Goodman speaks up for the left

December 04, 2003|By Carl Schoettler | Carl Schoettler,SUN STAFF

Amy Goodman joined the circle of mourners when Philip Berrigan died on Dec. 6 last year, surrounded by his family and friends at the Jonah House community of West Baltimore.

Goodman's the fiercely independent host of Democracy Now!, the Pacifica radio and television war and peace report that styles itself "the exception to the rulers." She'd known and admired Berrigan since 1998 when she interviewed him in a federal prison where he was doing time for an anti-war assault on a Navy ship.

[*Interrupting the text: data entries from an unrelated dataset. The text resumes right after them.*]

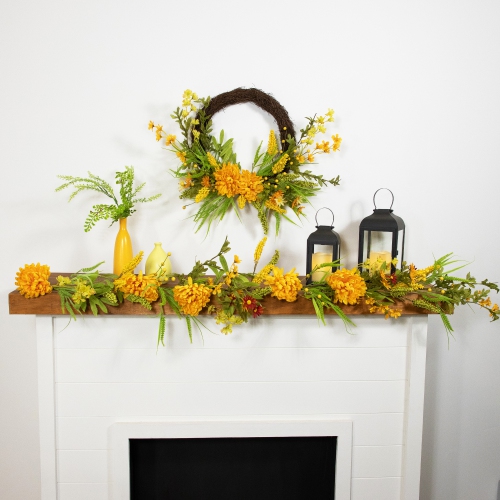 Peonies Artificial Fall Harvest Twig Wreath, 22-Inch, Unlit
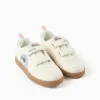 Trainers with Stitch print and touch-fasteners for girls, light beige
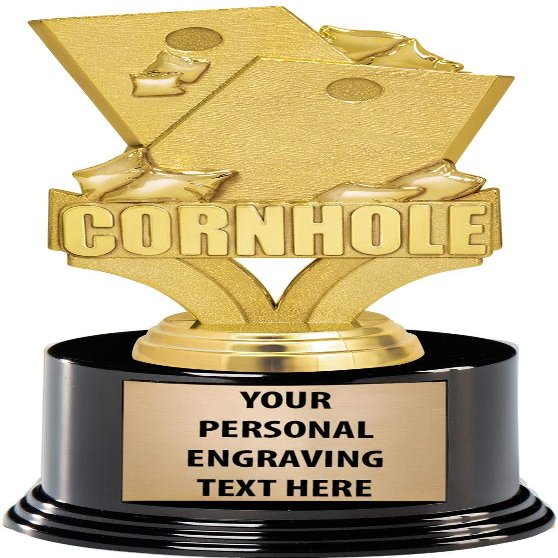Crown Awards Cornhole Trophy, 7.25" Cornhole Champion Trophy with 5 Lines of Text Included, 50 Pack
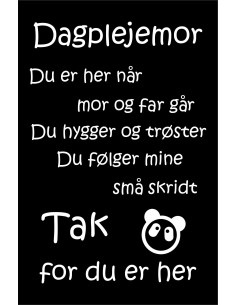 Skilt 128 - Dagplejemor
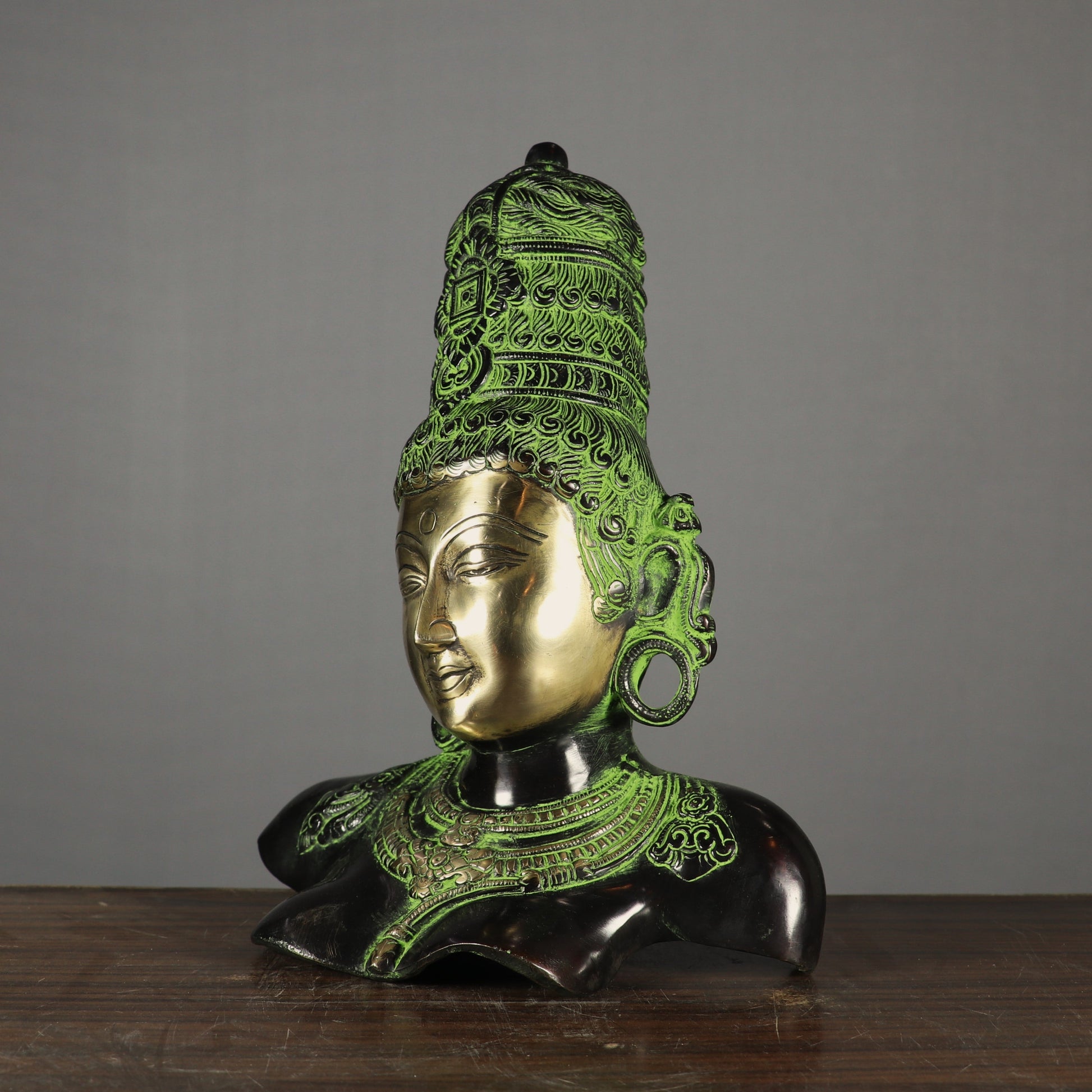 Brass Goddess Parvati Head Idol Religious Home Decor Statue 1 Feet - Image 3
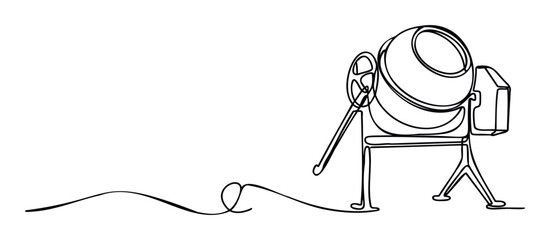Minimalist continuous line drawing of a concrete mixer conveying construction and building themes for industrial marketing materials or engineering project presentations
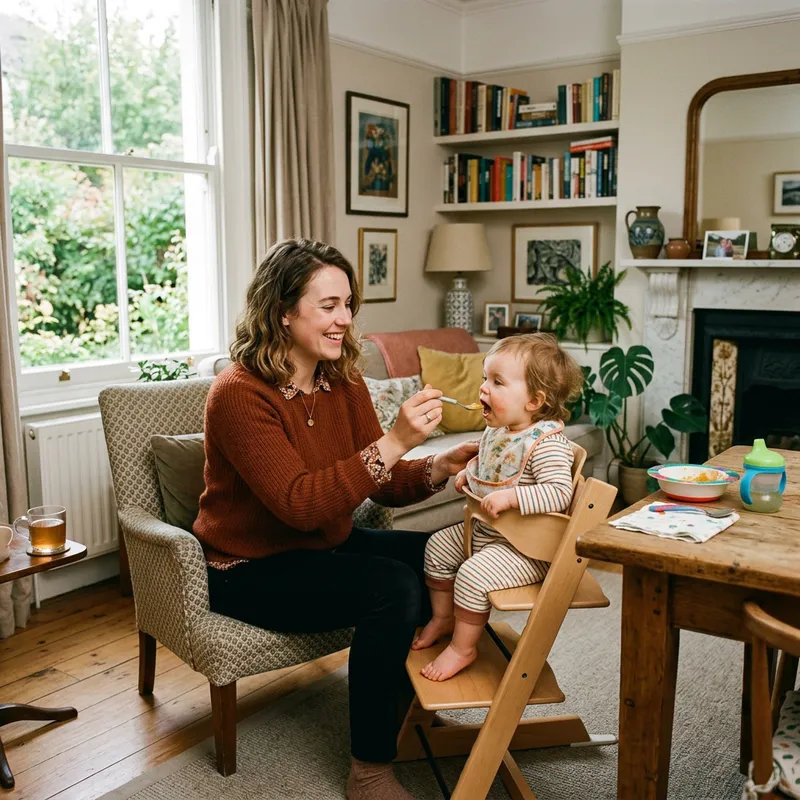 Young British Mother Feeding Child at Home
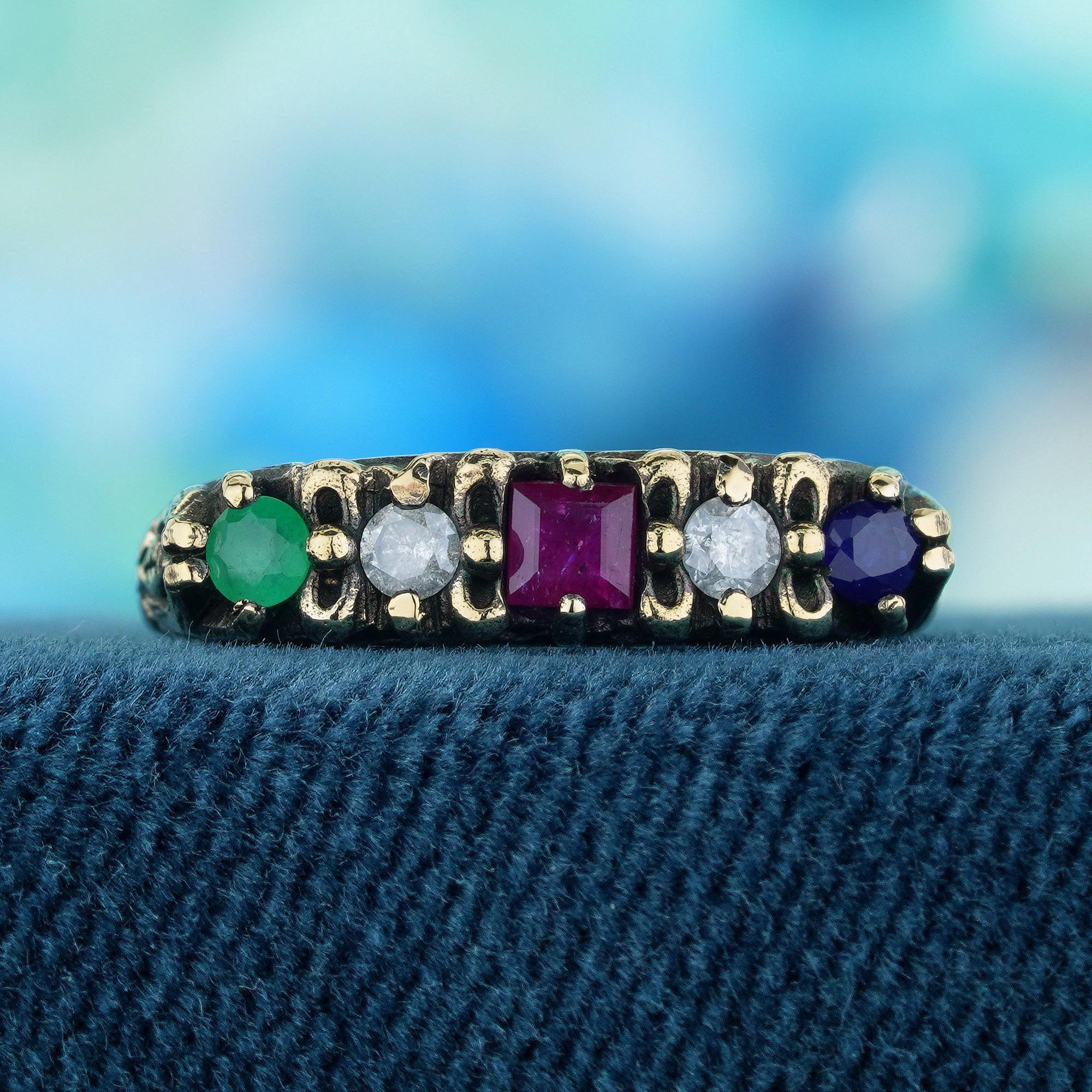 This ring embodies a vintage flair, showcasing intricate details and an ageless appeal. Its yellow gold setting provides a cozy and opulent base for the gemstones. Nestled at the core of the ring are half eternity of natural square ruby, round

"We were all here," says Elizabeth McAlister, Berrigan's wife and co-worker in anti-war and anti-nuclear activism and co-founder of Jonah House. Daniel Berrigan, Philip's brother and a Jesuit priest, had administered the last rites of the Catholic church a few days earlier. Now a couple of the mourners came forth to recite Kaddish, the Hebrew prayer for the dead.

"Amy was standing right there," McAlister says. "She came up and began singing it in perfect Hebrew."

"I think at a time like that you do what you're used to," Goodman says. "That's what I knew."

She's coming back to Baltimore Saturday to speak on the anniversary of Berrigan's death. Her talk will be part of the monthly "Clarification of Thought" series sponsored by Jonah House and the Catholic Worker Viva House. She'll speak at 7 p.m. at St. Peter Claver Church, Pennsylvania Avenue and Presstman Street.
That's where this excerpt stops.